Gerta
Kateřina Tučková’s Gerta is a startling, significant historical novel set during and after the violent postwar expulsion of Germans from Czechoslovakia.
At the end of WWII, Gerta—the daughter of a disrespected Czech mother whom she loves, and a German Nazi father whom she despises—is shocked by the fervor with which ordinary Czech citizens decide to go after anyone with German blood. Her approach to politics has always been “live and let live”; nonetheless, she and her infant daughter are marched out of Brno with tens of thousands of others considered anathema to the newly reestablished Czechoslovakia, soon to become a communist state.
During the days-long march, many of the expelled citizens are beaten, starved, raped, and murdered. A diminished number reaches an abandoned concentration camp, where disease and deprivations further cut into their numbers. Gerta is among the few selected for farmwork. She has a few years of peace with a kind Catholic host. When she is finally allowed to return to Brno, it is a changed city. She realizes that she will always be punished for her paternity. When the subject of reconciliation arises in the 1980s, it sounds like a dream. Can the past be forgiven so easily?

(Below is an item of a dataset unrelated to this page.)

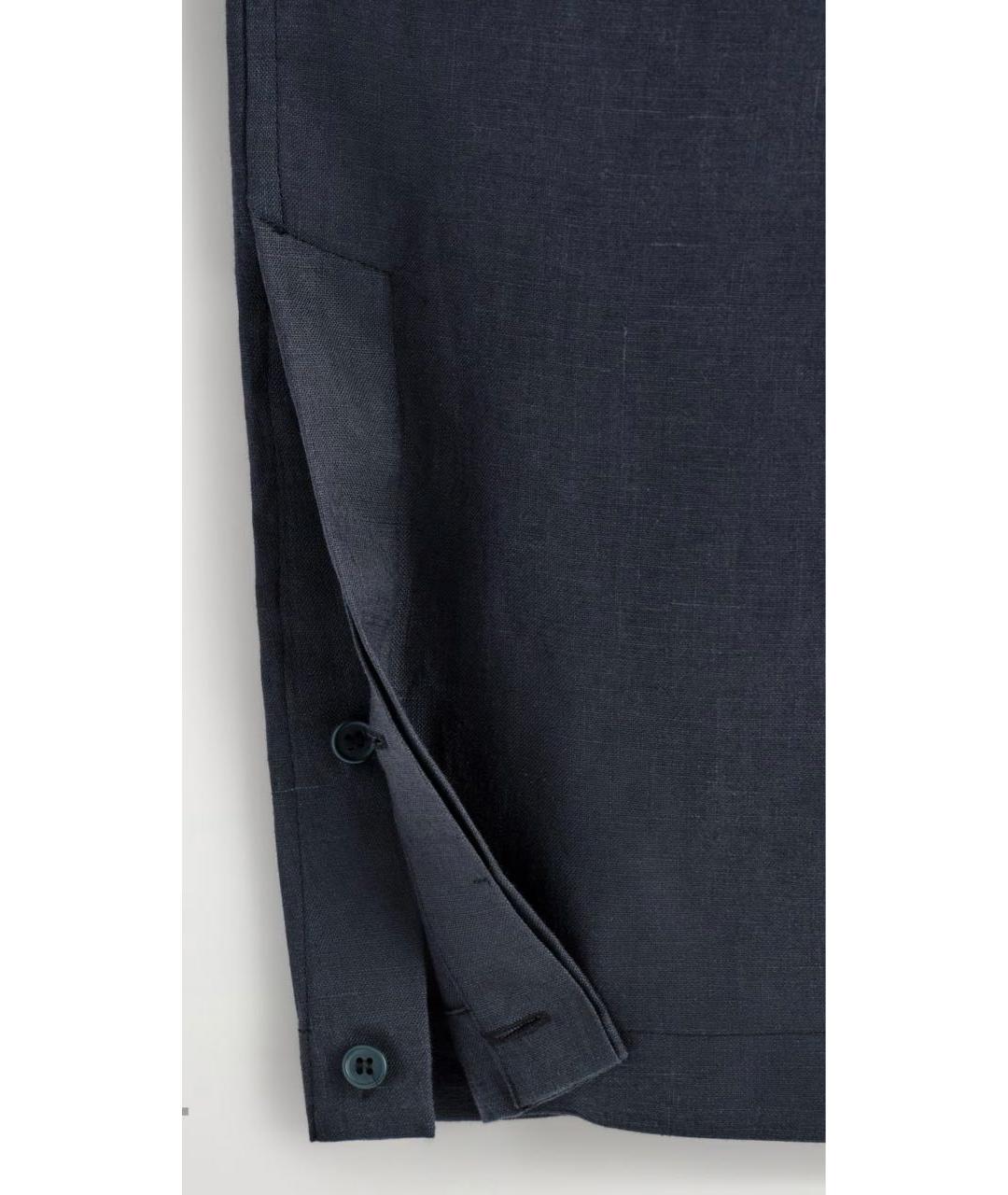 COS Синие льняные брюки широкие, фото 5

Gerta is an unflinching story that gathers the brutalities of the postwar years with a sense of purpose. It avoids overt moral declarations. Instead, the abominable acts that Gerta and others are subjected to whisper, then shout, what officials won’t consider: that blind retributive acts should never be allowed to take the place of discerning justice. The book’s quiet exposure of the ironies of the Eastern communist states, which traded outside oppressions for their own forms of violence, is striking.
Written with empathy for the unsung innocents who suffer under the mechanizations of nationalist projects, Gerta is a powerful historical novel.